For a Holiday week, a tremendous amount of information flowed and we are going to cover the eurozone, Ireland, Germany, bonds, the euro, other countries like the UK, China, the new tax bill in the U.S., the mortgage mess, austerity in U.S. municipalities and States, unemployment, sectoral balances, the effect of home prices on small business, and the market and investing.  You should find this material pertinent and thought provoking.

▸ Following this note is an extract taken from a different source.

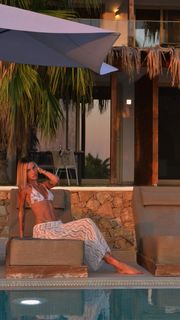 Tara Simov feet photo 11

Michael Hudson in discussing how financial interests determine sovereign policy argues that bankers are getting politicians to siphon off public money bail bankers out of their mistakes at the expense of capital formation and living standards.  Latvia is an example of how the economy has been subjected for the purposes of bankers just as if it has been militarily defeated and occupied.  Germany is serving its bankers and not the people; Germany needs to adopt more progressive tax and financial policies.  Hudson sees the current crisis as a sovereign crisis --- who is in charge and responsible for taking care of the citizens --- not a true debt crisis.  Banks should be forced to realistically value assets and debts on their books.  There is no need to wreak economies with financial asset stripping.  Debt needs to be restructured with the help of a progressive tax and a true central bank which can help finance governments.  He wants to see taxes shifted back on to land and resource rent as well as financial and capital gains.  He wants to de-privatize basic utilities and natural monopolies to take control from rentiers and prevent Europe from being turned into a tollbooth economy.

Edward Harrison acknowledges that eurozone internal devaluation and austerity is not a politically sustainable solution and there are only three possible outcomes in his opinion: monetization, default. or breakup.  Charles Wyplosz sees the problem as a lack of alternative options planning allowing decisive action, because the ECB has been consistently late to help.  Wyplosz remains concerned about debt and possible default.  He sees six questions which need to be addressed: can eurozone member nations face down the markets, is there a strategy for avoiding defaults, is there a plan to organize defaults if they occur, can a first defaulter be ringed to avoid contagion, if sovereign default is a possibility should banks also need to fail, and is ECB independence threatened by its need for more capital?  Daniel Gros finds the debate in the eurozone over the structure and financing of a stability mechanism self-defeating and likely to promote a festering situation which does not solve the lack of growth in the countries affected and the increasing costs to refinance with rising interest rates.  Geoffrey Underhill sees the problem as fully understood from the beginning of the euro as a lack of federalism.  The eurozone needs to act as a federal union consistent with the primacy of Germany as established by the structural formation of the euro and the ECB needs to proved guarantees to the "provinces" "... and adequate internal resource transfers to compensate for the fully predictable adjustment asymmetries in the absence of intra-Eurozone devaluations."

Is Germany, in demanding at the European Summit that "... there would be no fiscal transfers to troubled economies, and that the best way forward is further fiscal consolidation, along with plans for the private sector to share in any losses after a sovereign default", acting in its best interests?  Gavyn Davies believes Germany is not acting in its best interests.  There is a "damaging effect of a permanent increase in the interest rate spread of 1 per cent over Germany fully offsets the beneficial effects of reducing the budget deficit by 1 per cent of GDP for the troubled EU economies."  He believes the strategy emerging from the Summit will not work and the stronger EU economies could make a big difference by providing the weaker economies with liquidity in the form of lower interest rates.  Davies uses a recent paper by Lupton and Mackie to demonstrated the arithmetic to show Germany cannot continue to assert its creditor nation policies which will not reward these weaker nations and demands they suffer the sanctions befitting their debt and not place German banks on the precipice of shared suffering in sovereign default by any one of these weaker nations.